Vann reprend la trame la plus connue de la légende, celle transmise par Euripide, et divise son histoire en deux temps : la jeune fille qui s’installe – brutalement – dans ses pouvoirs, puis la femme mûre, bafouée, qui les reconquiert de la façon la plus terrible qui soit. La première est une Médée en mouvement, qui fait voile vers une vie nouvelle, son amant à ses côtés. Princesse, elle se voit déjà reine et se rêve Hatchepsout. Petite-fille du Soleil, nièce de Circé, Médée est prêtresse d’Hécate avant d’être magicienne, presque avant d’être humaine. Toute sa vie, elle ne se soumettra qu’à la lune – permettant à Vann de jouer, avec un léger opportunisme, sur la figure actuelle de la sorcière. Ce sera sa première rébellion, choisir la nuit, jusqu’au fanatisme. Et ce faisant, elle se retranche du groupe, qu’elle terrifie. Médée œuvre pour Hécate, pour elle-même, un temps pour Jason jusqu’à ce que leurs intérêts divergent. La seconde moitié du roman montre Médée et sa famille réduits en esclavage par le roi de Corinthe qu’ils pensaient renverser. Toujours terrifiante, la prêtresse est de plus en plus isolée, jusqu’à l’abandon final de Jason qui lui préfère une femme plus jeune. Ce pourrait être l’histoire d’un échec, d’une bataille perdue contre la loi des hommes, dans tous les sens du terme. L’histoire d’une désillusion, où l’aventurier magnifique qui l’a séduite se révèle bien en deçà de ses prétentions. Toute l’histoire du personnage se tient dans ce frottement rugueux entre elle et un monde où tout est fait pour qu’elle n’ait pas le dernier mot. Ce dernier mot, elle l’obtient en égorgeant ses fils qu’elle adore – pour éviter d’assister, impuissante, à leur mise à mort par Créon de Corinthe. Et se coupe définitivement de toute humanité. Elle est libre et seule et étrangère.

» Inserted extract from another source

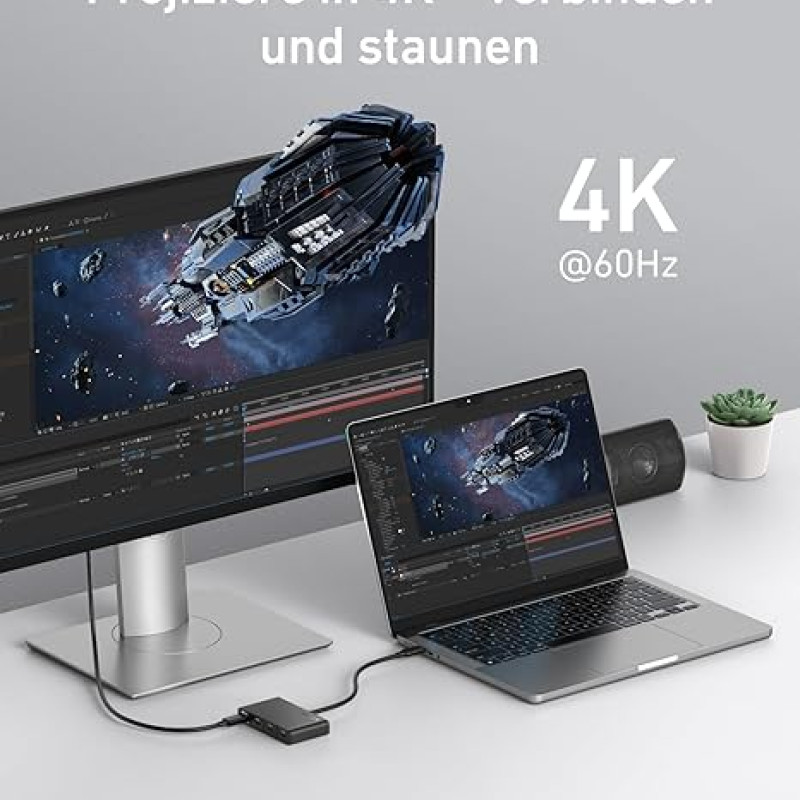 Anker USB-C Display Hub 4-in-1 4K Display, 10Gbps, 100W PD-IN Anker USB-C Display Hub 4-in-1 4K Display, 10Gbps, 100W PD-IN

En s’attaquant à Médée, David Vann prend de front l’une des figures les plus terrifiantes de la mythologie grecque et la projette dans un monde trop étroit pour elle, trop moderne déjà car à la frontière entrel’âge du Bronze et l’Antiquité.Qu’apporte-t-il à l’affaire? On pourrait être tenté de faire une lecture féministe du roman, mais elle ne serait pas franchement convaincante. La thématique « elle contre eux » n’est qu’une surface, le sexe de Médée est moins déterminant que sa naissance semi-divine ou sa sauvagerie. Une relecture historique alors ? Médée serait une barbare inculte parmi les grecs civilisés. Le souvenir d’une époque dépassée. Vann n’est pas plus historien qu’il n’est moraliste. L’Histoire, les lieux sont réduits à une impression, un ensemble de sensations que l’on embrasse ou contre lesquelles on se débat.
L’histoire de Médée sous la plume de David Vann, c’est celle d’un retranchement, subi avant d’être revendiqué. Le personnage se déprend de tout ce qui fait la vie humaine, la famille, la loi, l’amour, se décharne jusqu’à n’être plus qu’une volonté pure, un trou noir de libre arbitre.

Est-ce un grand livre ? Sans doute pas. Le traitement monocorde peut lasser, de même que l’écriture de Vann, un peu trop encline à la formule pas forcément brillante. L’auteur avoue avoir puisé son inspiration dans un voyage effectué sur le Nil à bord d’un navire égyptien reconstitué et il est évident que la première partie, sur le bateau, est plus enlevée que la suite.
Faut-il le lire ? Oui, évidemment. Ne serait-ce que pour l’expérience étrange de se voir comprendre un personnage sans ressentir la moindre empathie.